Am Dienstag überschlugen sich die Ereignisse im UN-Sicherheitsrat. Brasilien und die Schweiz brachten gemeinsam einen Resolutionsentwurf im UN-Sicherheitsrat ein, der eine 9-monatige Verlängerung der humanitären Hilfe für Syrien vorsah, die am Montag abgelaufen war. Während die meisten der 15 Mitglieder für den Entwurf stimmten, legte Russland als Vetomacht ein Veto ein und forderte stattdessen eine 6-monatige Verlängerung. Gegen den russischen Vorschlag legten die USA, Großbritannien und Frankreich ihr Veto ein, sodass aktuell die humanitäre Hilfe für Syrien stockt.

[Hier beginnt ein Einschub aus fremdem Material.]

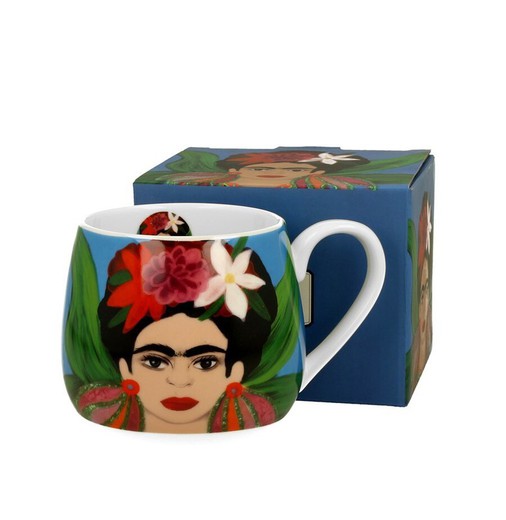Mug Taza Ancho Frida Kahlo 43 Cl Porcelana Duo Art Gallery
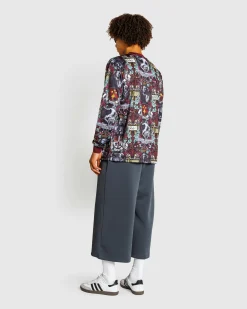 Aries Stained Glass Poly LS Tee- Tops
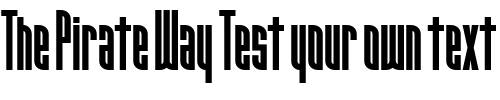 Font : Narrowband-Prime-ICG-Bold Custom Text : The Pirate Way Test your own text here Click to download or to view this font on a tshirt that can be custom printed in Bali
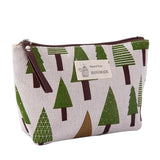 UOSC Printing Makeup Bags With Multicolor Pattern Cute Cosmetics Pouchs For Travel Ladies Organizer Pouch Women Cosmetic Bag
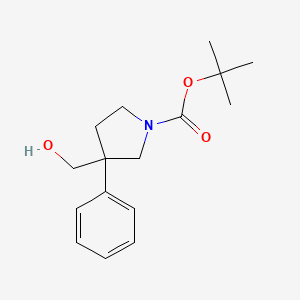 tert-Butyl 3-(Hydroxymethyl)-3-phenylpyrrolidine-1-carboxylate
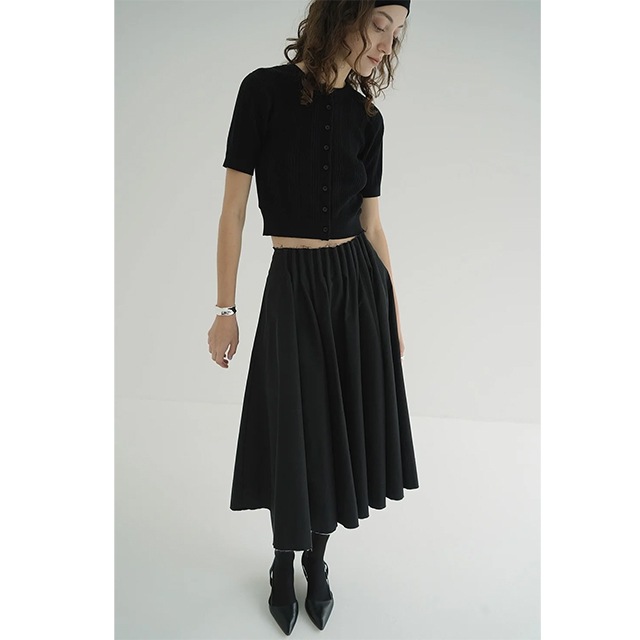 CLANE / ����� W FACE RIB KNIT CARDIGA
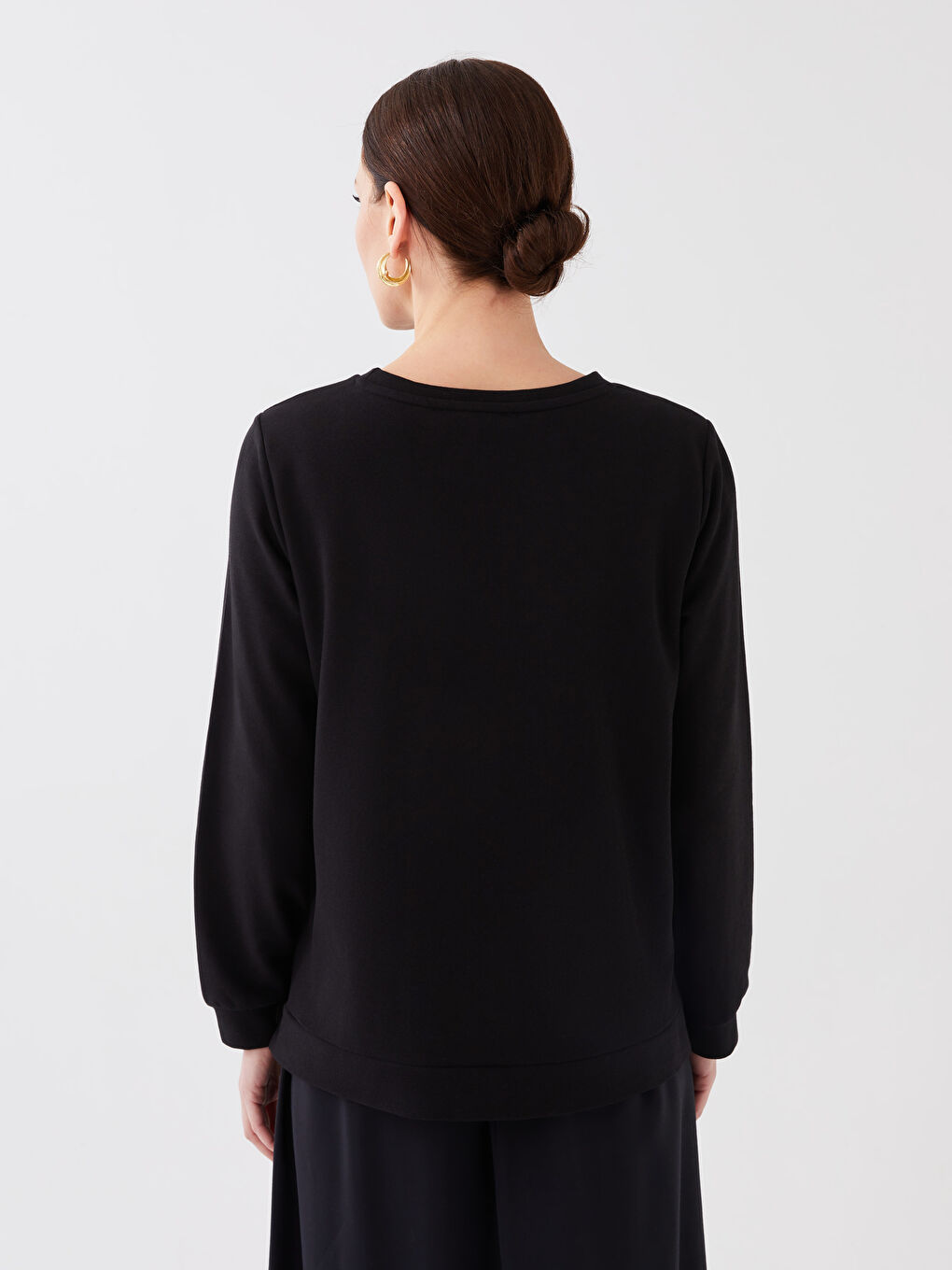 LCW Grace Women's Crew Neck Printed Long Sleeve Sweatshirt -S33727Z8-CVL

Eine einzige offene Grenze
Im konkreten Fall geht es um den Grenzübergang bei Bab al-Hawa, den einzig verbliebenen offenen Grenzübergang für humanitäre Hilfe in Syrien. Seit 2020 verringerten sich auf Druck Russlands und Chinas die offenen Grenzübergänge für die Nothilfe von vier auf eins. Die Grenze wird auf beiden Seiten von der türkischen Armee kontrolliert. Auf der syrischen Seite stehen zusätzlich noch die syrischen Gehilfen der türkischen Besatzung. Über diese Grenze wurde vor allem die Region um Idlib versorgt, wo 4 Millionen Menschen auf die Hilfen angewiesen sind. Idlib wird unter türkischem Schutz von verschiedenen Oppositionsgruppen kontrolliert, wobei die dominante Kraft die Terrororganisation Hay’at Tahrir ash-Sham (HTS) ist.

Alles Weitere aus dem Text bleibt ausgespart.